An example is the numerical derivative function, which for two input columns (values and time) would return another column (of same length) with the computed derivative.
My current understanding is:
I can't use SP, because I'll need to use this functions inline with
select
statement, like:SELECT Customer_ID, Date, Amount, derivative(Amount, Date) FROM Customer_Detail
I can't use UDF, because they can take, as input parameter, only scalar. I'll need vectorised function due to speed and also because for some functions I have, like the one above, running row by row wouldn't be meaningful (for each value it needs the next and the previous)
- UDA take whole column but, as the name says..., they will aggregate the column like
sum
oravg
would.
If the above is correct, which other techniques would allow me to create the type of function I need? An example of SQL
built-in function similar to what I'm after is square()
which (apparently) takes a column and returns itself^2. My goal is creating a library of functions which behave like square
, power
, etc. But internally it'll be different cause square
takes and returns each scalar is read through the rows. I would like to know if is possible to have User Defied with an accumulate method (like the UDA) able to operates on all the data at the end of the import and then return a column of the same length?

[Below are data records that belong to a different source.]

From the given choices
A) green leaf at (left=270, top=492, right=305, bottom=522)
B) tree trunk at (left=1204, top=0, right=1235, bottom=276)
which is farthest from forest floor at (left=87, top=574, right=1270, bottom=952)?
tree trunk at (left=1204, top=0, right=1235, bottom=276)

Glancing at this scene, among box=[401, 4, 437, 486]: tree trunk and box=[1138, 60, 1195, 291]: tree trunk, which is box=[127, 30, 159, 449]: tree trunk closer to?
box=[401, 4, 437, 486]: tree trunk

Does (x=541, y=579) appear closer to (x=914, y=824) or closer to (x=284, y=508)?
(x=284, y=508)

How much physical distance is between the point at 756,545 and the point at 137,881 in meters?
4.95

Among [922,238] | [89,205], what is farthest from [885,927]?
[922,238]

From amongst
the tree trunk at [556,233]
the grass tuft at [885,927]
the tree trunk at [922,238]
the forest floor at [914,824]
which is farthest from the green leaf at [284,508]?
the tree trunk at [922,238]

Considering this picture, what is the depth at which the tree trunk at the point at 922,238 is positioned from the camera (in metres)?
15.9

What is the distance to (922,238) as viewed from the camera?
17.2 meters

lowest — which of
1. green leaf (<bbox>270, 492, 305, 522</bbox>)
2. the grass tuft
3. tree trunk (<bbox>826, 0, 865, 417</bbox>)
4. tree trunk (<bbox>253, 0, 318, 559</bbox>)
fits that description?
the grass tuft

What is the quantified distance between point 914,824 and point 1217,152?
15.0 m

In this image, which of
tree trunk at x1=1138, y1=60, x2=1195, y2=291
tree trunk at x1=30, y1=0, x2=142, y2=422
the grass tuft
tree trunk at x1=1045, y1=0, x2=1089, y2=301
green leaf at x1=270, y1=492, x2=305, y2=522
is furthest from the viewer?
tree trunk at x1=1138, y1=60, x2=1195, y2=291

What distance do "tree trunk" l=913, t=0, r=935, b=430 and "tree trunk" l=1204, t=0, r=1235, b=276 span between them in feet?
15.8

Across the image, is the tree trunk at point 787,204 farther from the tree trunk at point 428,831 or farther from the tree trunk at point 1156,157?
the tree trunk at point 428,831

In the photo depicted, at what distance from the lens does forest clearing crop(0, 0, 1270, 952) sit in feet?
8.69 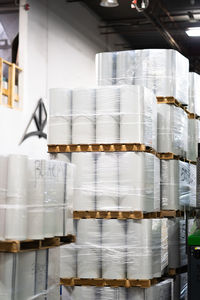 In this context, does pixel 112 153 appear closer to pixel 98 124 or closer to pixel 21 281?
pixel 98 124

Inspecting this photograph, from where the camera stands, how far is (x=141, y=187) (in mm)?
6914

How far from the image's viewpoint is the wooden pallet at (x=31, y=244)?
4.88 metres

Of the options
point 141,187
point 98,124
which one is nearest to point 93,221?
point 141,187

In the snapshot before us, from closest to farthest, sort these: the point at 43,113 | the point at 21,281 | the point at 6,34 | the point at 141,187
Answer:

NB: At the moment I'm on SQL-Server 2005 but we'll switch soon to 2012 (or possibly 2014 in few months) so answers based on any 2005+ version of SQL-Server are fine.
EDIT: added the R
tag for R developers who have, hopefully, already faced such difficulties.
EDIT2: Added CLR
tag: I went through CLR
user defined aggregate as defined in the Pro t-sql 2005 programmers guide. I already said above that this type of function wouldn't fit my needs but it was worth looking into it. The 4 methods needed by a UDA are: Init
, Accumulate
, Merge
and Terminate
. My request would need the whole data being analysed all together by the same instance of the UDA
. So options including merge
methods to group together partial results from multicore processing won't be working.